Work item:
Nothing but the lines from the one with "Potential Structural Conflicts" through the end of the data should be set down, each exactly as written, and no picture should be included.

Dataset section:
==*==

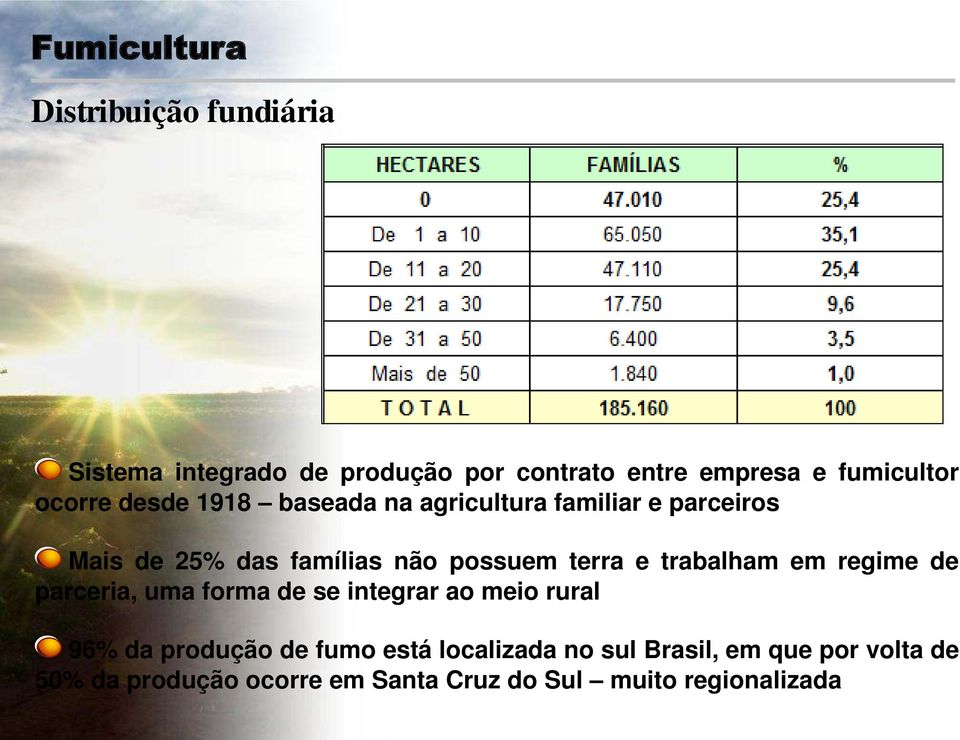 e trabalham em regime de parceria, uma forma de se integrar ao meio rural 96% da produção de fumo está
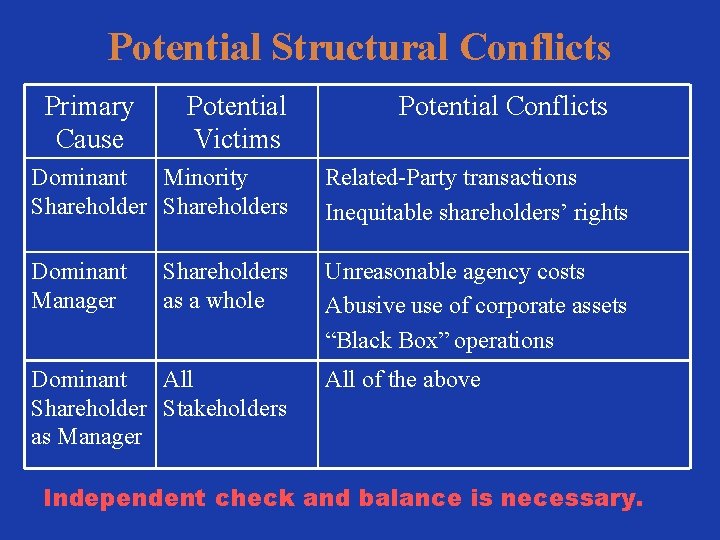 Potential Structural Conflicts Primary Cause Potential Victims Potential Conflicts Dominant Minority Shareholders Related-Party transactions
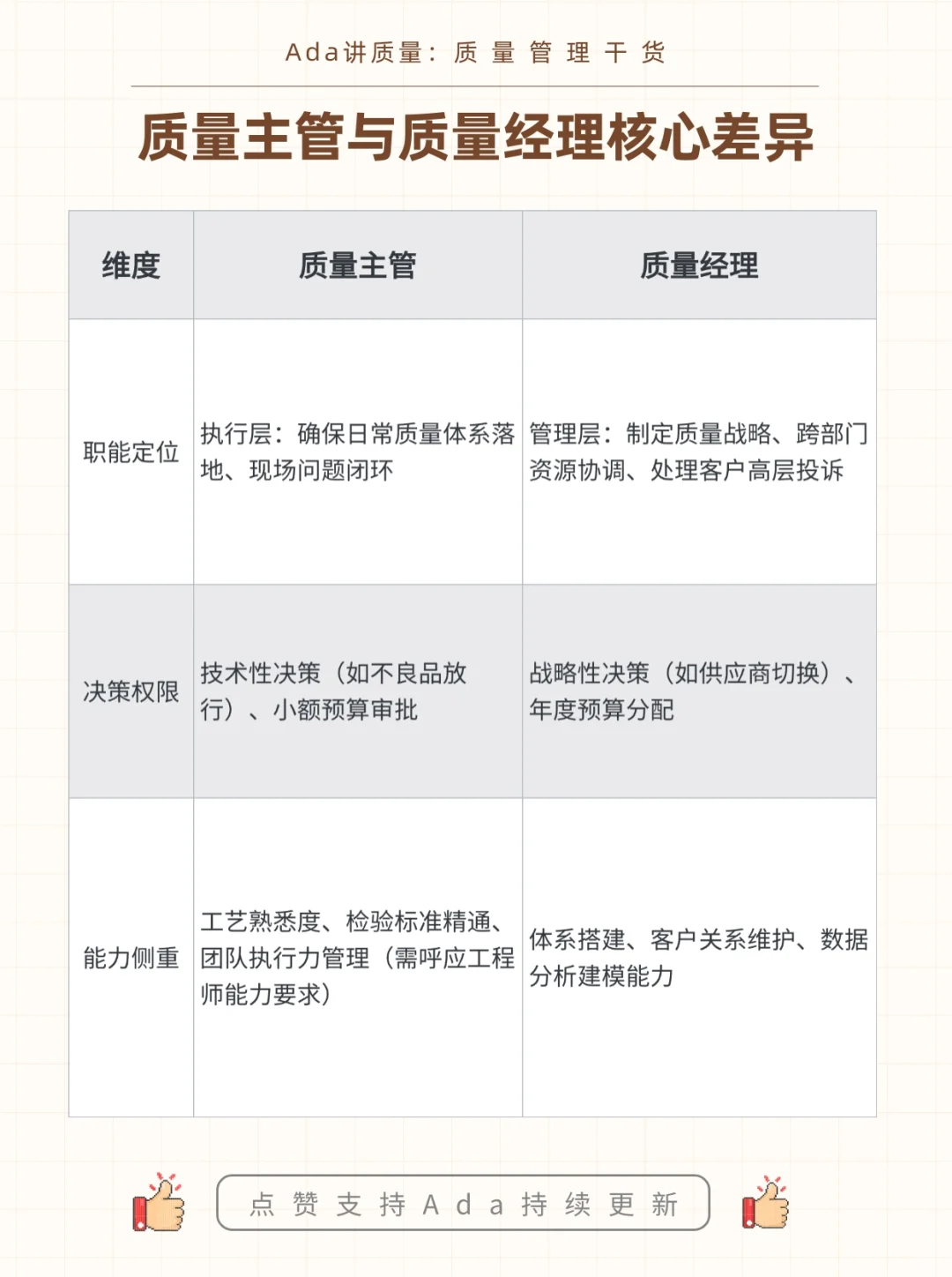 质量主管每天、每周、每月必做工作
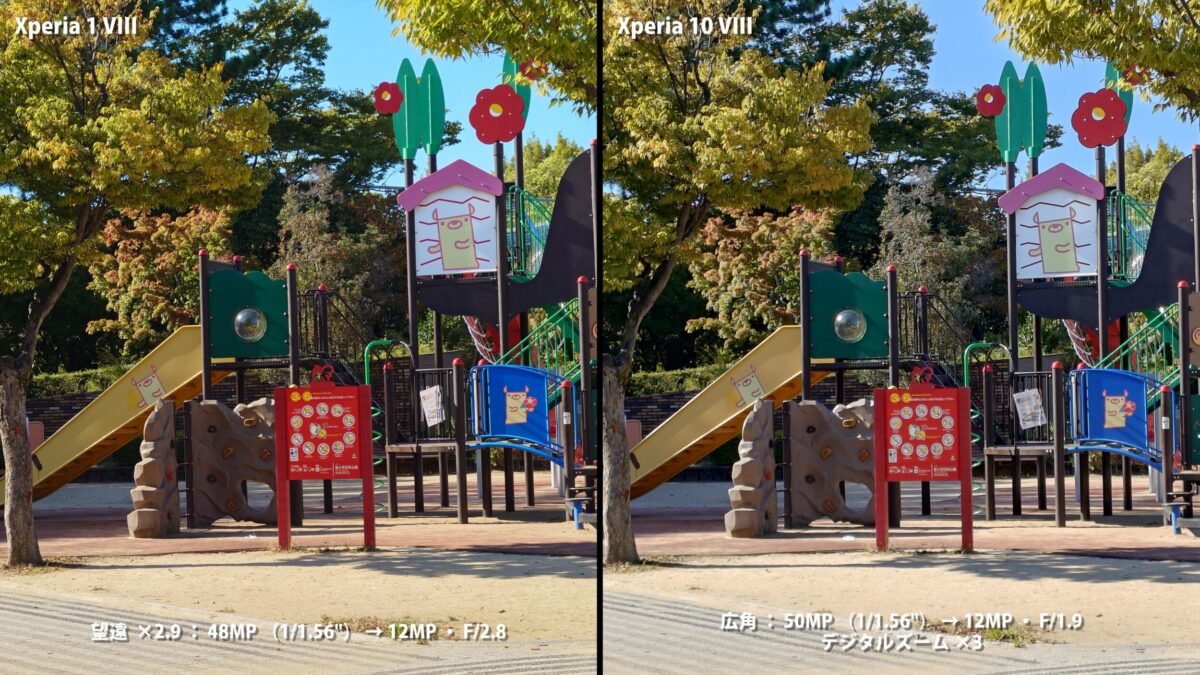Xperia 1 VIII Xperia 10 VIII 望遠 3倍 比較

==*==

Exercise answer:
 Potential Structural Conflicts Primary Cause Potential Victims Potential Conflicts Dominant Minority Shareholders Related-Party transactions
 质量主管每天、每周、每月必做工作
Xperia 1 VIII Xperia 10 VIII 望遠 3倍 比較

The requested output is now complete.